Instructions to follow - Without including any pictures, copy every line below exactly.

Supplied information -

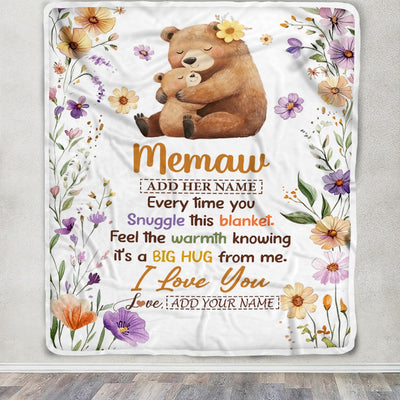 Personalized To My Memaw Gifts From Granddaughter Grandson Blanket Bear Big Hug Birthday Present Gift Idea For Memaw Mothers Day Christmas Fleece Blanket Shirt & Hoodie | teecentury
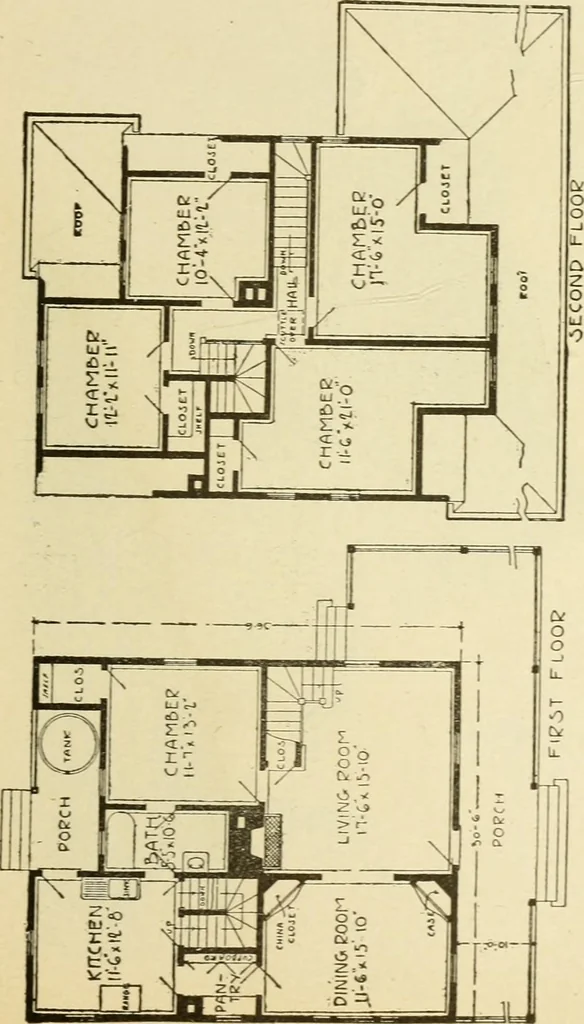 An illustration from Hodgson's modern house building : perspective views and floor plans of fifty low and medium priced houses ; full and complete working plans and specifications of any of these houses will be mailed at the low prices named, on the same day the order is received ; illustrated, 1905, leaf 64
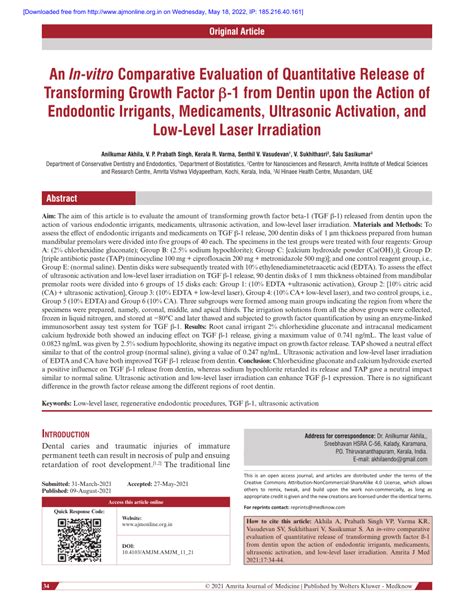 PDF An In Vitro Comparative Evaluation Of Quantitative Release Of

Exercise answer -
 Personalized To My Memaw Gifts From Granddaughter Grandson Blanket Bear Big Hug Birthday Present Gift Idea For Memaw Mothers Day Christmas Fleece Blanket Shirt & Hoodie | teecentury
 An illustration from Hodgson's modern house building : perspective views and floor plans of fifty low and medium priced houses ; full and complete working plans and specifications of any of these houses will be mailed at the low prices named, on the same day the order is received ; illustrated, 1905, leaf 64
 PDF An In Vitro Comparative Evaluation Of Quantitative Release Of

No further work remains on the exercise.